Gerçekten cennete sadece Müslümanlar
mı girecek? Kimin girip giremeyeceğini Allah bilse de geldiğim nokta itibariyle
Müslüman olarak yaptıklarımıza veya yapamadıklarımıza bakınca cennete girmek bu
kadar kolay olmasa gerek diye düşünüyorum. Ayetlerde sadece iman değil, aynı zamanda
salih amel de cennete girmenin şartlarından olduğuna ve salih amelin içerisine her
türlü iyilik ve güzel hasletler girdiğine göre bu durumda cennet hak edilebilir.
Yani iman işin teorisi ise salih amel bu imanın pratiğidir. Pratik olmadan cennete
girmek zor diye düşünüyorum. Çünkü içimizdeki iman, dışımıza salih amel olarak yansıması
gerekir.
Burada antrparantez salih amel hakkında
kısaca bilgi vermek istiyorum. “Sâlih kavramı hadislerde
de “iyi, hayırlı, erdemli, doğru, din ve dünya için faydalı, helâl, huzur
verici” gibi anlamlarda sıkça geçmektedir. Kur'ân-ı Kerîm'de olduğu gibi
hadislerde de en çok “din ve dünya için faydalı iş” manasında sâlih amel
şeklinde geçmektedir.”
Bu
durumda salih amel “din ve dünya için faydalı iş” olduğuna göre iman sahibi müminlerin
salih ameli varsa cennete girer. Ya yoksa? İşin püf noktası da burası. Bugün Müslümanların
ne kadarı salih amel sınavını geçer? Din ve dünya için ne kadar yararlı işimiz var?

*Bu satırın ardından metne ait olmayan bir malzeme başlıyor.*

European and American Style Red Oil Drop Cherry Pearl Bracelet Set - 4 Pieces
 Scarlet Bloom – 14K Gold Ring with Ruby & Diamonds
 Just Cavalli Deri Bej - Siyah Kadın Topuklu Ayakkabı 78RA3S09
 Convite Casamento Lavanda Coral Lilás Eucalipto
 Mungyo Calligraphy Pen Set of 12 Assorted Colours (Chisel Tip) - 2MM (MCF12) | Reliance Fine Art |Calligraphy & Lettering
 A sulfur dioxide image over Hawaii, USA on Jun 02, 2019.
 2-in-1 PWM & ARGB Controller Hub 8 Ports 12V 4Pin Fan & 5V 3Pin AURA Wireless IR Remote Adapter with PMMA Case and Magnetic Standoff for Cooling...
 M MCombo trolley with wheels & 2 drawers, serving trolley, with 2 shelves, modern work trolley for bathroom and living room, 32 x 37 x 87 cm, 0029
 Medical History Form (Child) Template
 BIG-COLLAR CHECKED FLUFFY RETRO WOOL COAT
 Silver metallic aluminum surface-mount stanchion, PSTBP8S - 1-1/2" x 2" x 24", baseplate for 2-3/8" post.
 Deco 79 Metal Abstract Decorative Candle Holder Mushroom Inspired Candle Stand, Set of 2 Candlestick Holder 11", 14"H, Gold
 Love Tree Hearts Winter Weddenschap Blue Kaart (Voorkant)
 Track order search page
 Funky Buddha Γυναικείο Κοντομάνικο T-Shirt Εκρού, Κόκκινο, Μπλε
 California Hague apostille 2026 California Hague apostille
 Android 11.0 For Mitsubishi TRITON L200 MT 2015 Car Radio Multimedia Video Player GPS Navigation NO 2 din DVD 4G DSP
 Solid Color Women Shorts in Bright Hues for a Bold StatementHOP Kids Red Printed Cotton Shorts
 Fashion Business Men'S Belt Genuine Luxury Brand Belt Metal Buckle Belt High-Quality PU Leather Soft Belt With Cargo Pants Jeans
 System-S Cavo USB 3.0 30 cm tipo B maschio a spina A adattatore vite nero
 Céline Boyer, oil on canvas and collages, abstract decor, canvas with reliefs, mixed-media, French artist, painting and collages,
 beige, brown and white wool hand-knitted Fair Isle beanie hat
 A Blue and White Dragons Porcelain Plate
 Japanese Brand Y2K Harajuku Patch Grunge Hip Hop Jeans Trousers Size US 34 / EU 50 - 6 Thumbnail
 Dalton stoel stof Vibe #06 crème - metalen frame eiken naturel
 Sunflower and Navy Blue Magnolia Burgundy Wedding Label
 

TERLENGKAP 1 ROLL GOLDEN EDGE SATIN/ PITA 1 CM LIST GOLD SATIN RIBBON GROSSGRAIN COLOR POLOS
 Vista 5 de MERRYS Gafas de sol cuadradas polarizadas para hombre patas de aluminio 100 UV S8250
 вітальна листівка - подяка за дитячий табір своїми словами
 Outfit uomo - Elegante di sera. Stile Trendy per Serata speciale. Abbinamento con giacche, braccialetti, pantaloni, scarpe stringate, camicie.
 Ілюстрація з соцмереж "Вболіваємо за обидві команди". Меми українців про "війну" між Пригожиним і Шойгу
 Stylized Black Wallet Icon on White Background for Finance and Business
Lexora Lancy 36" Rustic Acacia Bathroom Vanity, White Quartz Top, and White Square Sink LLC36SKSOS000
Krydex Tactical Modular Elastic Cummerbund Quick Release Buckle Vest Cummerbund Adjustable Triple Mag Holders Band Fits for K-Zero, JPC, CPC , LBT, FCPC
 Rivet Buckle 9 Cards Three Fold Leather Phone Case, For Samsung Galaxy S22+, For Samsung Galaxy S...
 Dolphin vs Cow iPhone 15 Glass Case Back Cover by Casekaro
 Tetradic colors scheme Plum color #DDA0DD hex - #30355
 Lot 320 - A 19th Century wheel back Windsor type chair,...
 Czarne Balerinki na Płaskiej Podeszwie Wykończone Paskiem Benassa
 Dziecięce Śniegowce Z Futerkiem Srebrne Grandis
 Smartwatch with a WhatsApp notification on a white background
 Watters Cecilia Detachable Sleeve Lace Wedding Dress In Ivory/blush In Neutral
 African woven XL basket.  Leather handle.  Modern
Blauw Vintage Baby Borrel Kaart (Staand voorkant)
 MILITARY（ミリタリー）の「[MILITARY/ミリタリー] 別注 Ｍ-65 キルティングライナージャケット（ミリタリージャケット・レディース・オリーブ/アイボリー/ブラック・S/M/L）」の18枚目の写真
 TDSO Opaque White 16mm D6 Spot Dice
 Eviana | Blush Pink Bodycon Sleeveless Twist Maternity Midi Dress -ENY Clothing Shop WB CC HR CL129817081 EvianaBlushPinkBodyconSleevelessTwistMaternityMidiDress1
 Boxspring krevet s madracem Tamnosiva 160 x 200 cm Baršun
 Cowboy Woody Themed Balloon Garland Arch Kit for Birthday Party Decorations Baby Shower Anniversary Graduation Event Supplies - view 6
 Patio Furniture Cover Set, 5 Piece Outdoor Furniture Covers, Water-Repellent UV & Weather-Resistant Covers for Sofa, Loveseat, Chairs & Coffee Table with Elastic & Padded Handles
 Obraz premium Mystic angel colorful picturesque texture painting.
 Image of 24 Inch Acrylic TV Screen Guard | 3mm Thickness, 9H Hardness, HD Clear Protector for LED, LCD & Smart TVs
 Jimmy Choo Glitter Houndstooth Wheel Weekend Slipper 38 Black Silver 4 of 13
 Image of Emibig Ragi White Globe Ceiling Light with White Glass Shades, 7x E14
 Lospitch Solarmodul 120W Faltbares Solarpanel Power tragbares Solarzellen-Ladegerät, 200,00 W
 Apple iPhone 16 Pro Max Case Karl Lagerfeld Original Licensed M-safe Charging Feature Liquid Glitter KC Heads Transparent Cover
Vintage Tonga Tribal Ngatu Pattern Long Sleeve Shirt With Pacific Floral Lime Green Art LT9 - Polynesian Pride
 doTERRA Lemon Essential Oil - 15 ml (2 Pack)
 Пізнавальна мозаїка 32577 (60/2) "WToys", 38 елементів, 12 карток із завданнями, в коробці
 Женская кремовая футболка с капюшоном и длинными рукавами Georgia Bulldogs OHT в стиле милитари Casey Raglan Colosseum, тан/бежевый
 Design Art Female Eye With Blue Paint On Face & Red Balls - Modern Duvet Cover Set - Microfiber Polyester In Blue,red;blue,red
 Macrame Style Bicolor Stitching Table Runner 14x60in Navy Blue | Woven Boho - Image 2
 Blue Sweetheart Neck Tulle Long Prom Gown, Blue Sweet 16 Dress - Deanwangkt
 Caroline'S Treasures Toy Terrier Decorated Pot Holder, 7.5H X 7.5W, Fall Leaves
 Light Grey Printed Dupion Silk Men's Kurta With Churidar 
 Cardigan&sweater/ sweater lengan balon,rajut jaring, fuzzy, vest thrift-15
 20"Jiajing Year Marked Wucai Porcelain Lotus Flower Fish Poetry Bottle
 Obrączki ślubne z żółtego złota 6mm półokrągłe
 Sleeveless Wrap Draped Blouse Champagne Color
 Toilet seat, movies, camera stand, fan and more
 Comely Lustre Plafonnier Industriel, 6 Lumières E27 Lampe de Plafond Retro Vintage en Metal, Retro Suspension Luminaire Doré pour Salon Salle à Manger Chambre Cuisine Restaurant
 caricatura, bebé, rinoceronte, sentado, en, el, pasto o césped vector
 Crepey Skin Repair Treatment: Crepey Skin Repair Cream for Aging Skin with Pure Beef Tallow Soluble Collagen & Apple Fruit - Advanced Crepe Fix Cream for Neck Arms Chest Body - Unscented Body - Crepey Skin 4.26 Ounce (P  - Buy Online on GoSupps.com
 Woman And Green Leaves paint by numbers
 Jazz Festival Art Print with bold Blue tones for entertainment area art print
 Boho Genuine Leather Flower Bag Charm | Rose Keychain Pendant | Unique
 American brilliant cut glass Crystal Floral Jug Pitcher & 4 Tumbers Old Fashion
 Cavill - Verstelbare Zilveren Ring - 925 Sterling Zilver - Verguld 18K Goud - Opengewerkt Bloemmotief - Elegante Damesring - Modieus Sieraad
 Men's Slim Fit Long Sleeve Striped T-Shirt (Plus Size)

İşimizi ne kadar düzgün yapıyoruz? İnsanlığın faydasına olacak ne üretim ve icadımız
var? Bu sorulara cevabımızın çok olumlu olmayacağı hepimizin malumu.
Çok fazla örneğe gerek yok. Depremle imtihanımız nasıl? Bir depremde binlerce ev yıkılıyor ve bu yıkıntılar altında binlerce insanı öldürüyorsak, bu durum her depremde böyle ise ve hepimiz bu binaların niçin yıkıldığını, neyi eksik yaptığımızı biliyorsa, bu durumda işimizi düzgün yapmadığımız ortaya çıkıyor. Binlerce insanın katili olarak nasıl cennet hayali kuruyoruz, inanın anlayabilmiş değilim. Dinini ve inancını beğenmediğimiz, bundan dolayı cennete giremeyecekler dediğimiz kişiler evlerini ve barklarını düzgünce yapıyorsa, depremde evleri yıkılmıyorsa, bunların bu yaptıkları salih amele girmez mi? Bunlar bize göre cenneti daha hak etmiyor mu? Normal şartlarda bu durum tersi olması gerekmiyor mu? Yani biz Müslümanlar işimizi düzgün, onlar ise yamuk yapmalıydı. Çünkü inancımız bunu emreder. Nedense benim inancımın emrettiğini, benim inancıma inanmayan yerine getiriyor. Biz ise işimizi düzgün yapmadan cennet hayali kuruyoruz. Bu işte bir terslik yok mu? Allah’ü a’lem ama sanki çok bekleriz gibi. Çünkü cennet bu kadar ucuz olmasa gerek.